There’s so much to prepare for and on the list of homework we were given, Si, bless his heart, has to complete the bulk of it. There are letters I need to prepare, proof of employment and preparation I need to provide, but mainly the list of homework is for Si. That’s not to say I don’t have my share of homework here as well; preparing to move myself and my dog, settling debts, figuring out what’s staying (or being sold) and what’s going to be sent to England, and trying to figure out the most gentle way to say ‘see ya later’ to friends and family. That last one will be the most difficult but it’s something that must be done because I really cannot see living life separated from my guy (now my fiance!!) for much longer.

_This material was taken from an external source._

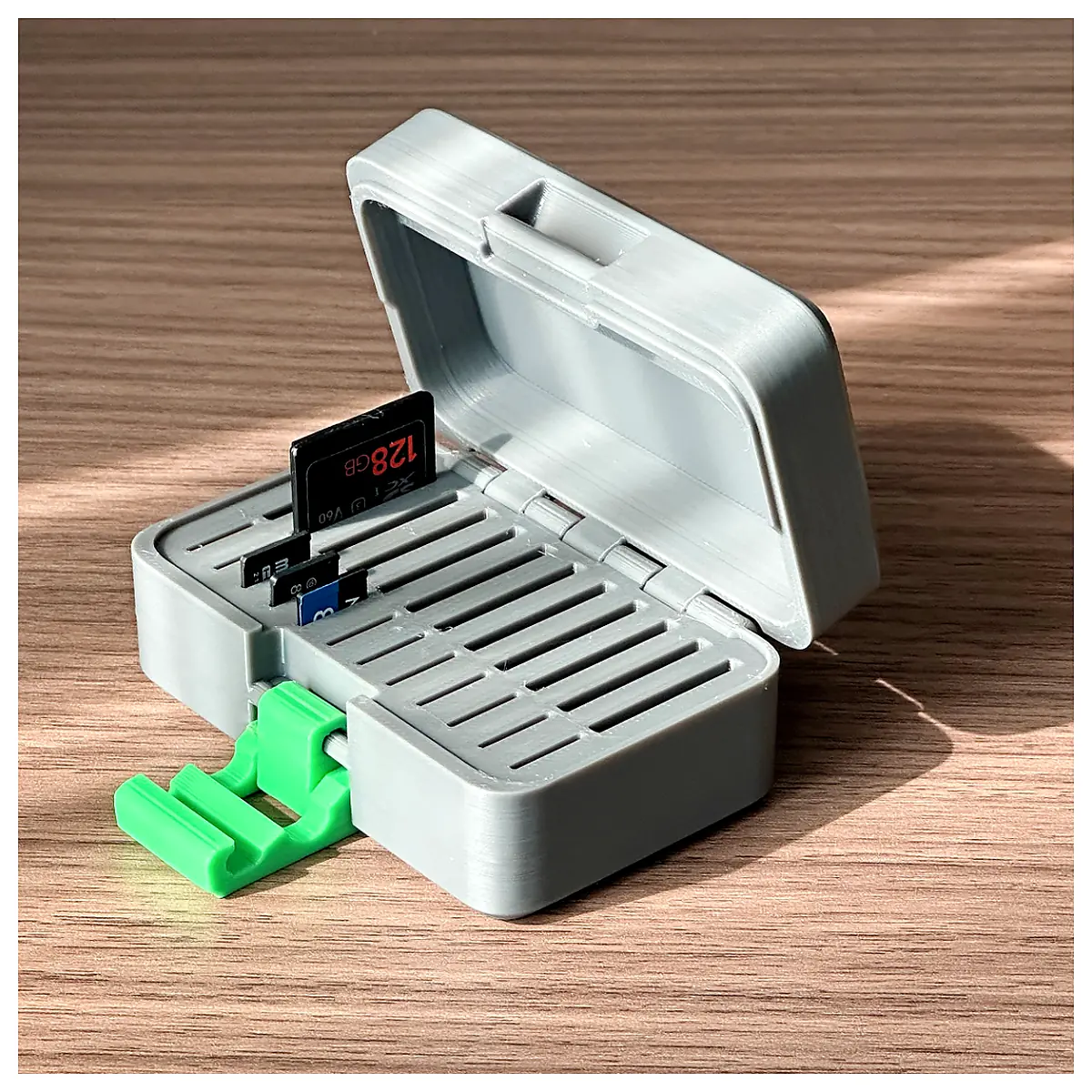 SD Card Storage Box Multi Card Organizer Protective Case Storage Bag Phone Camera Accessories Storage Box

Speaking of separation… Leaving Si at the airport this last time was, in a word, awful. I cried a little the day before I left, a little the day of, and then I also shed a few tears on the plane somewhere over the Atlantic. Then I cried a little when I first saw my Mom at the airport and then again later that same night before I went back to my empty house. (Should have titled this entry, The Crying). I shouldn’t say empty, at least I have my dog, thank God.

Not having Si with me, not being with him, is heartbreaking. It physically hurts having to leave him back in England; it’s incredibly difficult and some days it feels like it will actually crush me.

That said, what we both have to remember is the love. We’re going through all of this for a reason and that reason is our love. The ups and downs, the tears and the laughter, it’s all a part of it. Not every day has been or will be sunshine and daisies and in fact, with this process, a lot of the days are going to require hard work, determination, and the occasional stack of cash (which equates to even more hours put in at both jobs). This process will require that we pull ourselves up by the bootstraps, focus on the good, and power through the not-so-good keeping our goal in sight. Then again, that’s pretty much what life is all about, no?

This isn’t going to be a walk in the park but a dear friend recently told me that the greatest things in life don’t come easy. He’s right. They don’t. So whatever it is that comes our way; whatever difficulty, whatever roadblock, whatever resistance we are faced with, we will meet head on with drive, determination, and love. Oh and the occasional glass of beer (or Bailey’s).

One thought on “Tough Love

  1. This just makes me wanna hug you. Man, I can identify with everything you said here. It IS crushing at times to be without the one your soul loves. During thr 2 years I was without Samuel, some days I had to remind myself that he wasn’t dead, so quit acting like it. Because that’s how much it hurt and how hard it was… I felt like I was grieving a death – my heart wasn’t whole.

    But gosh… the reason for all this sadness is SO FABULOUS. It’s unbelievably huge joy and sweetness and love! He asked your mom!!! That is so wonderful. I am so happy for you and, really, I am so happy for this really tough season of being apart and the tearsbecause that means you’ve found the love that completes your heart and it isn’t mediocre and it won’t be so easy to take for granted. And you deserve that kind of love. It’s amazing what God did when creating love. Nothing compares to this kind of love. Two babies I adore later, and I don’t hesitate a second to say, nothing compares. Yay you guys!!